Confidence among Massachusetts employers slipped into neutral last month, reflecting a national economy that likewise appears to have taken its foot off the accelerator.
The Associated Industries of Massachusetts Business Confidence Index dropped 1.7 points in June to a nine-month low that left it at a neutral 50-point reading on a 100-point scale. It marked the third consecutive monthly decline as business confidence ended the first half of 2011 almost four points lower than it was a year ago.
“Declining business confidence in May and now June continues to reflect direct perceptions of a slowing economy coupled with uncertainties about national and global developments, reminiscent of the drop a year ago” said Raymond G. Torto, Global Chief Economist at CB Richard Ellis Group, Inc. and Chair of AIM's Board of Economic Advisors (BEA).
“But two consecutive declines, for the first time since last summer, indicate another setback for an economic recovery that has struggled to gather momentum.”
The AIM index has appeared monthly since July 1991. The June results mark the completion of 20 years. It reached its historic high of 68.5 on two occasions in 1997-98, and its all-time low of 33.3 in February 2009.
Weakness in the national economy appears to be driving down business confidence more than employer views of their own operations or the state economy. The AIM survey’s U.S. Index of national conditions was off 5.4 points in June and 5.9 for the year to 38.9, while the Massachusetts Index lost only 1.6 points to 46.6, down 1.2 from last June.
“This is exactly the (U.S. Index) reading we saw at the end of 2009,” pointed out BEA member Fred Breimyer, Regional Economist for the Federal Deposit Insurance Corporation. “Although the economy is in many respects stronger now than it was then, hopes for positive policy intervention from Washington are much lower.”
The only upward movement in the June survey results came when respondents assessed the positions of their own operations. The Company Index, gained three-tenths of a point to 55.0, and the Employment Index added 1.3 points to 53.2, while the Sales Index slipped six-tenths to 53.5.
“For the business community, as well as for job-seekers, the most serious economic problem is high unemployment,” commented Richard C. Lord, President and CEO of AIM and a BEA member.

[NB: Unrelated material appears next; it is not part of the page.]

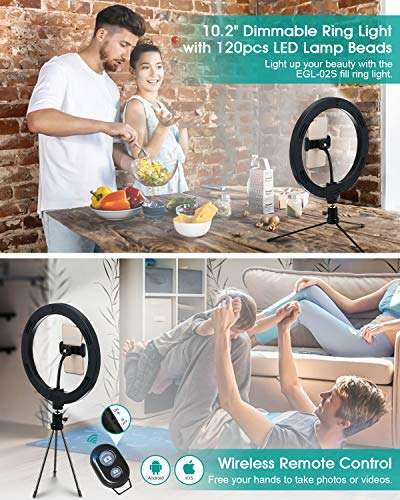 ELEGIANT 10.2 Selfie Ring Light with Tripod Stand, Ring Light with Cell Phone Holder with Remote Ringlight 3 Modes & 11 Brightness for Live Stream Makeup YouTube Tiktok Photography Video Conference 3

“It depresses consumer confidence and consumer demand, holding back the robust growth we need to get our whole economy – not just a few sectors – back to full health. Our members, responding to special questions about employment, increasing link together three impediments to hiring: uncertain economic prospects, high non-wage employment costs, and difficulty finding people with the skills they need. Because uncertainty is beyond our control, controlling costs and promoting skills development emerge as the policy keys to job creation."